# Change SAS driver from module to builtin = unbootable kernel

## Zolcos

I have an Intel C606 SAS controller, the use of which requires a firmware file. Currently I load the driver as a kernel module, and leave the firmware file in the right place on the filesystem and everything works fine.

Pursuant to the advice in the Gentoo Security Handbook I want to try and build this into the kernel so I can turn off module loading.

I switched the driver to be builtin and I enabled the option to include the firmware file in the kernel as well. But trying to boot the resulting kernel fails and gives me this screen:

http://img854.imageshack.us/img854/8799/panicg.jpg

I can enable the option to include the firmware file in the kernel and still get a bootable kernel, but once I switch the driver over I get this issue.

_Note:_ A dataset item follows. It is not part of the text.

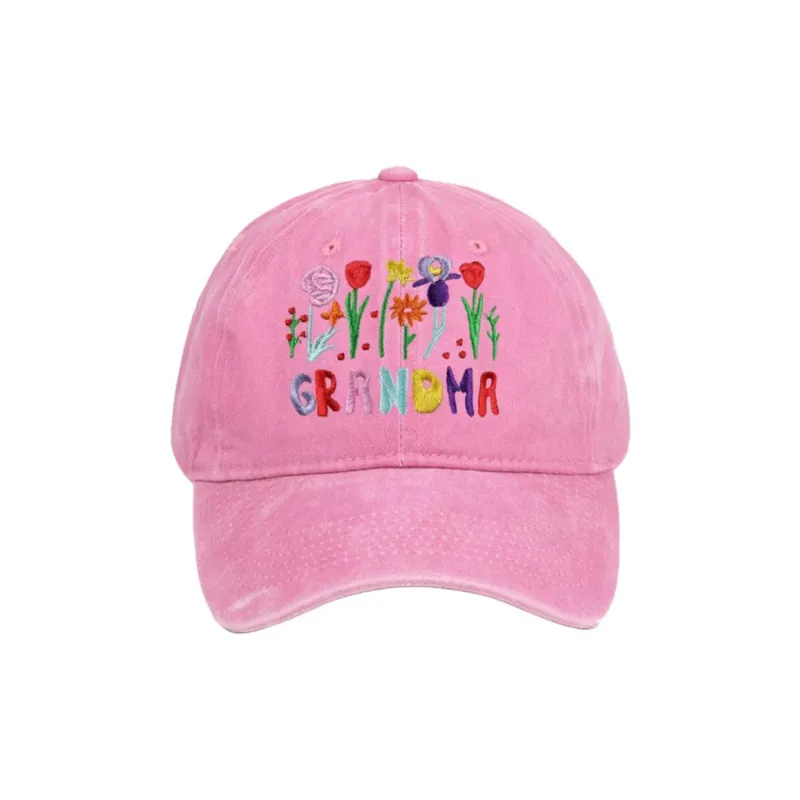 IOTS Polyester Baseball Caps Unisex-5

Kernel config: http://pastebin.com/23hPJiXi

Kernel make output: https://gist.github.com/aeheathc/4712265

make reported section mismatches, so the output above is with the option enabled to get more information about those.

----------

## Zolcos

If I do a 'make clean' before deploying the kernel and modules, it fails similarly but I get the more descriptive error "Unable to mount root fs on unknown-block 9,1". But I can see above that it correctly recognizes all the drives up to /dev/sdj.

----------

## Odward

Not sure I'll be much help, but it's a suggestion you can test!

I recently built my Intel C600 SAS controller firmware into the kernel because it was causing a 60 second delay on boot, 

I don't use initrd, and was failing to load firmware (it's also my boot/root drive).  Although I was not ever using isci as a module.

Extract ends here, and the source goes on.